Меланхолия это то жестокое охлаждение, охлаждение пресыщенных систем. Потому что надежда привести в равновесие добро и зло, истинное и ложное, даже столкнуть некоторые ценности того же порядка, более обобщенная надежда на отношение силы и ставки, куда-то исчезла. Повсюду, всегда, система слишком сильна: стремится к гегемонии.
Можно вооружиться хитростями желания против данной гегемонии, заниматься революционной микрологией повседневности, активизировать молекулярный дрейф или даже осуществлять апологию кухни. Все это не разрешит крайней необходимости привести к краху систему в полном расцвете.
Все это осуществляет только терроризм.
Он является той чертой реверсирования, которая стирает остаток, как мимолетная ироничная улыбка стирает целый разговор, как одна вспышка отрицания у раба стирает всю мощь и наслаждение хозяина.
Чем более гегемонистской является система, тем под более сильный удар от мельчайшего реверса попадает воображение. Вызов, даже ничтожный, является отражением поломки в цепи. И только эта несравнимая обратимость привлекает сегодня всеобщее внимание, на нигилистской и заброшенной сцене политического. Только она мобилизует воображаемое.
Если быть нигилистом значит нести, за невыносимую грань гегемонистских систем, эту радикальную черту насмешки и жестокости, этот вызов, на который система обязана ответить собственной смертью, тогда я террорист и нигилист в теории, как другие ими являются при помощи оружия. Теоретическая жестокость, но не истина, является единственным оружием, которое нам остается.
Но все это, утопия. Поскольку было бы прекрасно быть нигилистом, если бы еще имела место радикальность – как если было бы прекрасно быть террористом, если смерть, включая смерть террориста, обладала бы еще смыслом.
Но именно здесь вещи становятся неразрешимыми. Так как на этот активный нигилизм радикальности система отвечает собственным нигилизмом нейтрализации. Сама система также является нигилистской, в том смысле, что она обладает способностью сохранять все, включая то, что ее отрицает, в состоянии безразличия.

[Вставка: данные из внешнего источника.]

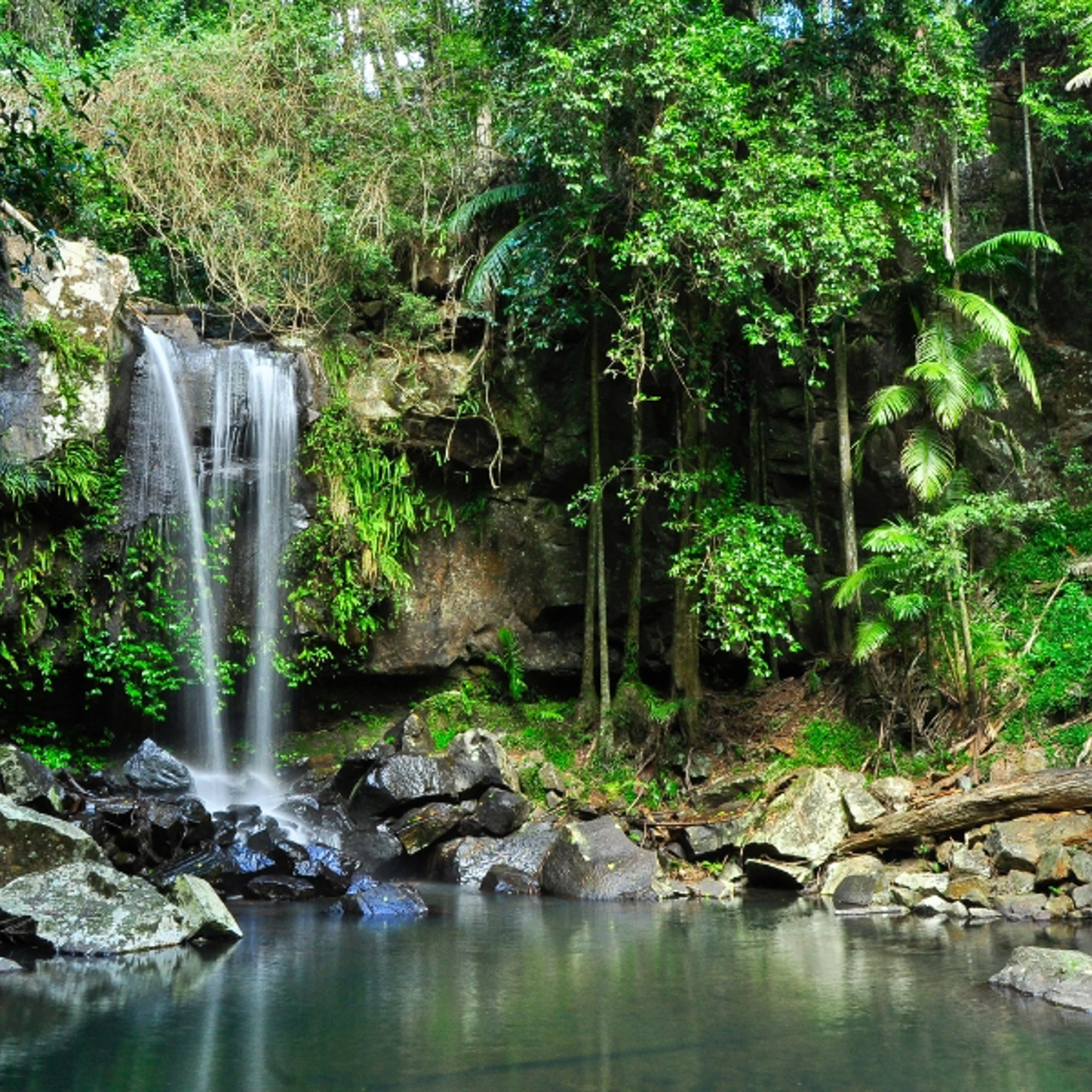 Kangaroos, Koalas & Tamborine Mountain Views 2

В данной системе, сама смерть сверкает своим отсутствием. Болонский вокзал, Munich(ский) Oktoberfest95: умершие нейтрализуются безразличием, вот где терроризм становится невольным сообщником всей системы: не политически, а в ускоренной форме безразличия, навязыванию которой он способствует. Смерть не имеет больше ни фантазматичной, ни политической сцены, на которой она могла бы изображаться, разыгрываться, церемониальная или жестокая. И это, победа другого нигилизма, другого терроризма, победа системы.
Не существует больше сцены, даже минимальной иллюзии, создающей впечатление, будто события могли бы возыметь силу реальности – больше никакой сцены, ни ментальной или политической солидарности: что нам до Чили, Бьяфры, эмигрантов на кораблях, Болоньи или Польшы? Все это уходит в небытие на экране телевизора. Мы живем в эру событий без последствий (и теорий без последствий).